The History of the Tuskegee Airmen

At the start of World War II, the U.S. Army had rules that enforced our country’s attitudes towards blacks. They were considered unfit for combat and were generally assigned to stereotyped jobs as cooks and waiters, or were rejected completely. The Army Air Corps certainly did not let black men fly or repair airplanes. In that time of great need, such prejudices were a luxury our country could no longer afford. Afraid of disrupting morale of the fighting units, but under moral pressure and persuasion from the NAACP, the black media, some members of Congress and the White House, the War Department started a “separate but equal” training program for black aviators. This “Noble Experiment” produced the TUSKEGEE AIRMEN.

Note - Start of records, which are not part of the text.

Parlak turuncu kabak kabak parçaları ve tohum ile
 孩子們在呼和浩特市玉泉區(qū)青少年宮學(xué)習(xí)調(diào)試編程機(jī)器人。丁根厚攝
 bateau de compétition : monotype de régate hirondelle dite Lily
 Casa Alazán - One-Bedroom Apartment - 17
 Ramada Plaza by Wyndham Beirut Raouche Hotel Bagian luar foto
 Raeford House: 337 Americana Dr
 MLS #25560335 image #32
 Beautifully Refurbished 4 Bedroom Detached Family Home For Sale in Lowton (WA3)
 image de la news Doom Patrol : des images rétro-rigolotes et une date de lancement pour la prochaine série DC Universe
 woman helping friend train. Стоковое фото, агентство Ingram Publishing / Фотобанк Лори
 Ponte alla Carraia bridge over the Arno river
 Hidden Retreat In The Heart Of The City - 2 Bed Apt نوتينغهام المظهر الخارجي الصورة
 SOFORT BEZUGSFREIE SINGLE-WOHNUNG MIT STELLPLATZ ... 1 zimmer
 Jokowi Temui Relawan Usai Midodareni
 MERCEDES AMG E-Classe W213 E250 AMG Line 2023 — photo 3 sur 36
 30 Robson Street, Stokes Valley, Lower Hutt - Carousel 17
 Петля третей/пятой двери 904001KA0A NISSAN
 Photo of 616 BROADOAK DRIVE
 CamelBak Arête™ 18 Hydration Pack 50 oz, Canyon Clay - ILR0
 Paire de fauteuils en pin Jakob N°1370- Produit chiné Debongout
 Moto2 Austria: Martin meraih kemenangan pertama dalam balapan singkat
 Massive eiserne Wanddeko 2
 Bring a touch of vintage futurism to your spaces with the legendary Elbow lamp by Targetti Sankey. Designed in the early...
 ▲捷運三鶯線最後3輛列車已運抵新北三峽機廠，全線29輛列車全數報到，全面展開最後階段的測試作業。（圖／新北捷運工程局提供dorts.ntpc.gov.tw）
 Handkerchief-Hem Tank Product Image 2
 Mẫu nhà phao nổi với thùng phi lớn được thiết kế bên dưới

A total of 996 black military aviators were trained at the Army airfield near Tuskegee, Alabama and the Tuskegee Institutes. The first group of four Aviation cadets, with their Technical Training School in Illinois, earned the highest group grade average during the war. The Tuskegee Airmen, given little chance of succeeding by the War Department, were not given necessary supplies. The War Department was reluctant to send the Tuskegee airmen into combat, but eventually their record in battle changed the minds and hearts of many and led to the racial integration of the services.

Benjamin O. Davis, Jr., the first black General in the Air Force, commanded the “Fighting 99th” as they flew P-40, P-39, P-47, and P-51 aircraft in combat over North Africa, Sicily, and Anzio. The 99th joined other Tuskegee squadrons to form the 332nd Fighter Group. The group was known as the “Red Tails” for their aircraft paint scheme. German Luftwaffe pilots called them the “Schwarze Vogelmenchen” (Black Bird men). Bombers and fighters were based at different airfields. Many bomber crews never met their defenders, but they learned to respect the black fighter pilots who were fighting and dying to protect them. 

The four fighter squadrons, totaling 450 pilots and 10 times as many administrative and ground support personnel, served with distinction in the European Theater of Operations. They earned 150 Distinguished Flying Crosses, many more Air Medals and Clusters, Legions of Merit, the Red Star of Yugoslavia and the Presidential Unit Citation. The ground crews kept the planes flying despite supply shortages, even performing repairs normally sent back to larger facilities. The Tuskegee experiment succeeded beyond the expectations of even those who proposed the program.

The 47th Medium Bombardment Group trained in B-25 bombers, but the war ended before they were sent overseas. They are remembered for refusing to leave a “white” officers club in April 1945 at Freeman Field, Indiana, (35 arrested) and refusing to sign a segregation consent form (101 arrested). These Tuskegee Airmen who risked their careers and jail terms to stand up to injustice were victorious because their courage forced the elimination of the segregation policy and reassignment of the white personnel who confronted them. This incident and the excellent record of the 332nd Fighter Group in combat led to a review of the War Department’s racial policies and a presidential order to desegregate the Armed Forces.